Molecular Vision 2011; 17:576-582 <>
Received 6 August 2010 | Accepted 17 February 2011 | Published 23 February 2011

Angiogenin in age-related macular degeneration

Jessica M. Skeie, Shemin Zeng, Elizabeth A. Faidley, Robert F. Mullins

Department of Ophthalmology and Visual Sciences, University of Iowa Carver College of Medicine, Iowa City, IA

Correspondence to: Robert F. Mullins, 4135E MERF, 375 Newton Road, Iowa City, IA, 52242; Phone: (319) 335-8222 FAX: (319) 335-6641; email:


Purpose: Age-related macular degeneration (AMD) is a common blinding disease in the elderly population. AMD is frequently complicated by choroidal neovascularization, causing irreversible losses in visual acuity. Proteins that induce pathologic angiogenesis in other systems include angiogenin, a small protein involved in angiogenesis in tumor metastases. Our goal was to determine if angiogenin participates in angiogenesis during choroidal neovascular membrane formation in AMD.
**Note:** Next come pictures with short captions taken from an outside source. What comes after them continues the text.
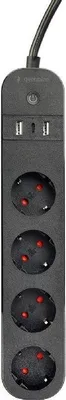 Image de Gembird TSL-PS-S4U-01 - Prises d'alimentation intelligentes - CA 230 V - 3680 Watt - Wi-Fi - entrée, entrée de type F - ports de sortie : 4 (type F, 2 x USB, 24 broches USB-C) - cordon de 1,5m - noir (TSL-PS-S4U-01)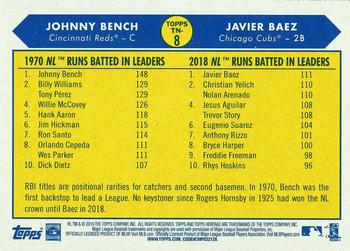 2019 Topps Heritage - Then and Now #TN-8 Johnny Bench / Javier Baez Back
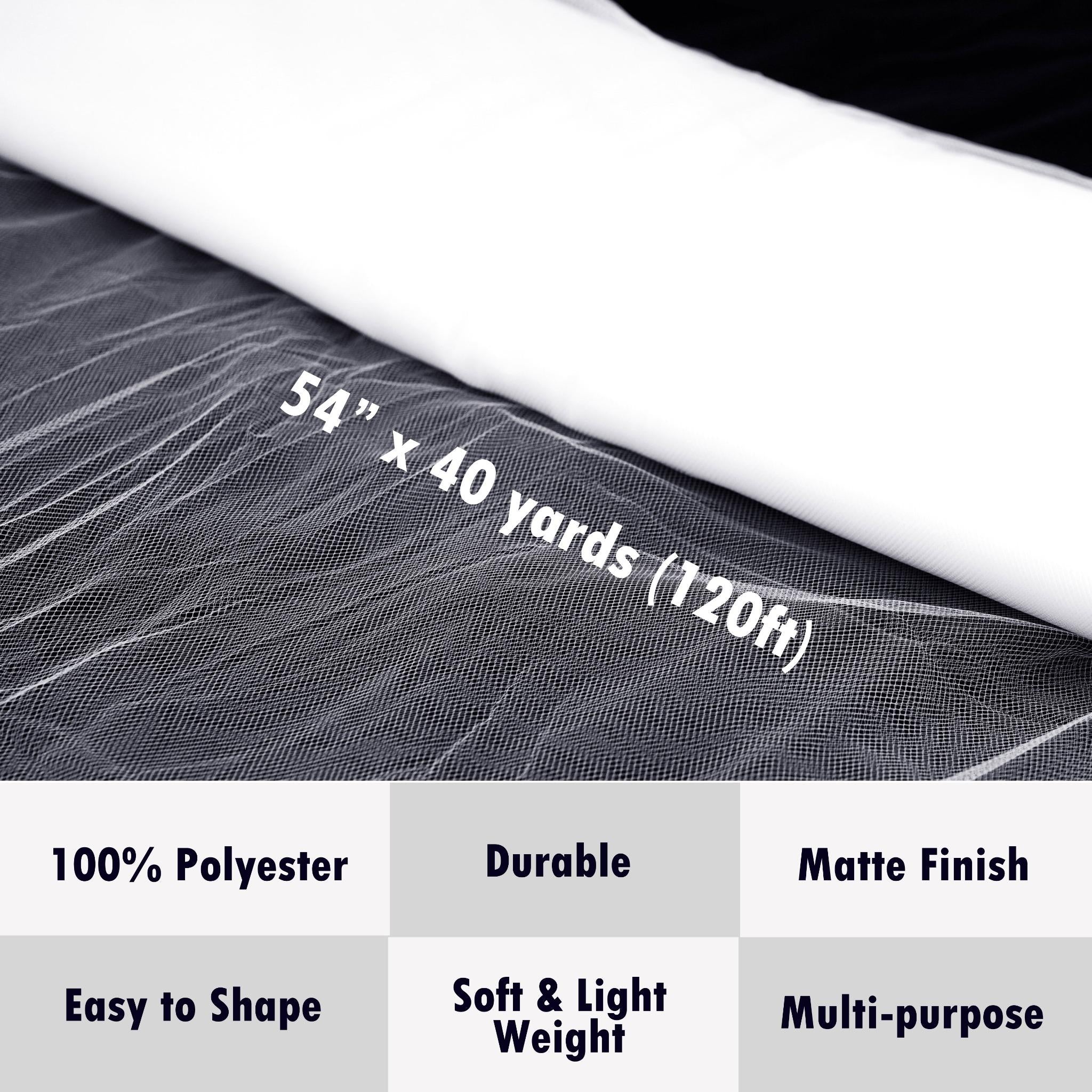 TEMU 54" X (120ft), Fabric Tulle Roll Fabric Tulle Bolt For Garden Netting, Diy Tutu Skirt, Wedding And Decoration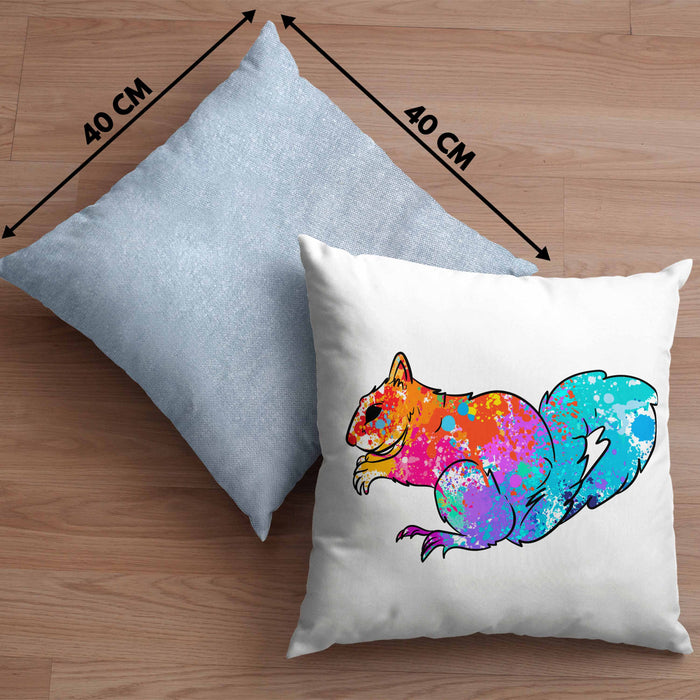 Bunte Eichhörnchen Kissen mit Füllung 40x40 Geschenk für Natur- und Tierwohlhaber (Grau) Blau Trendation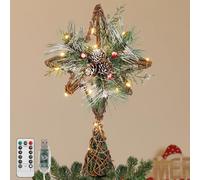 Lewondr Corona De Árbol De Navidad, 13,19" 20 LED Estrella De Navidad Ratán Rústica con Piña Y Hojas, Temporizador 6H, 8 Modos De Luz, USB Y Control Remoto Estrella Corona Árbol, Marrón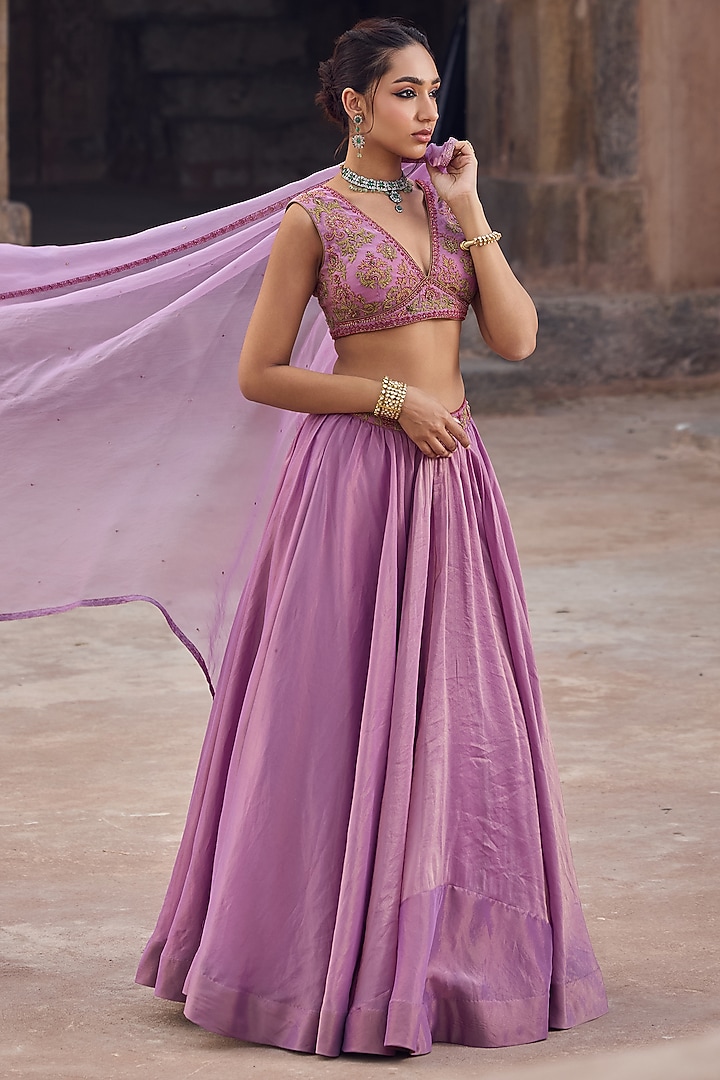 Lilac Tissue Embroidered Skirt Set by Kritika Dawar at Pernia's Pop Up Shop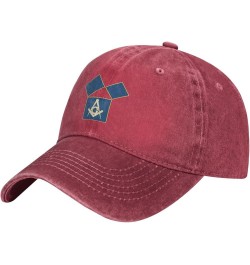 Masonic 47th Proposition of Euclid Gift Cowboy Hat Trucker Hat Baseball Cap for Womens Mens Dad Hats Summer Hat Black Red $11...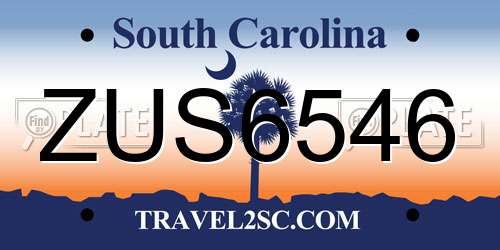 ZUS6546 South Carolina License Plate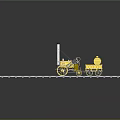 Yellow Steam Train Model With Large Wheels Chimney And Tanker Car On Railway Tracks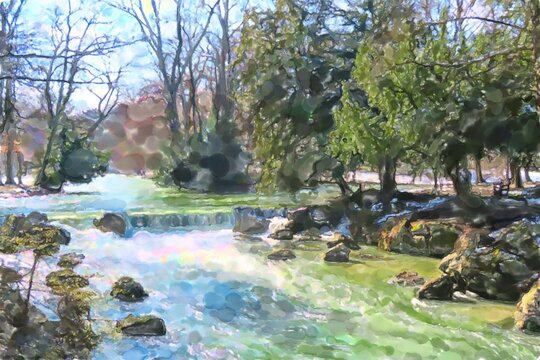 Painting of Eisbach river at English garden in Munich Germany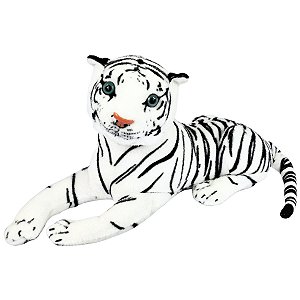 Tigre Branco de Pelúcia 44cm Safari Realista Deitado Tuka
Methods: The expression of angiogenin in the human retina and retinal pigment epithelium (RPE)-choroid was determined using reverse-transcription (RT)-PCR and immunoblotting. Localization of angiogenin in human control eyes and in eyes with choroidal neovascularization was determined using immunohistochemistry. Potential angiogenin-mediated effects on endothelial cell migration, as well as angiogenin internalization by Rf/6a cells, were determined.

Results: Angiogenin was synthesized by the human choroid and retina and localized to normal and pathologic vasculature. Angiogenin did not change the migratory behavior of Rf/6a chorioretinal endothelial cells; however, these cells did internalize exogenous angiogenin in culture.

Conclusions: Chorioretinal endothelial cells bind and internalize angiogenin, a protein localized to the choroid in normal eyes, as well as in some drusen and in neovascular membranes in AMD eyes. Angiogenin has been shown to participate in angiogenesis in other tissues. Although angiogenin does not increase the migratory behavior of these cells, it may play a role in other aspects of endothelial cell activation in neovascular AMD.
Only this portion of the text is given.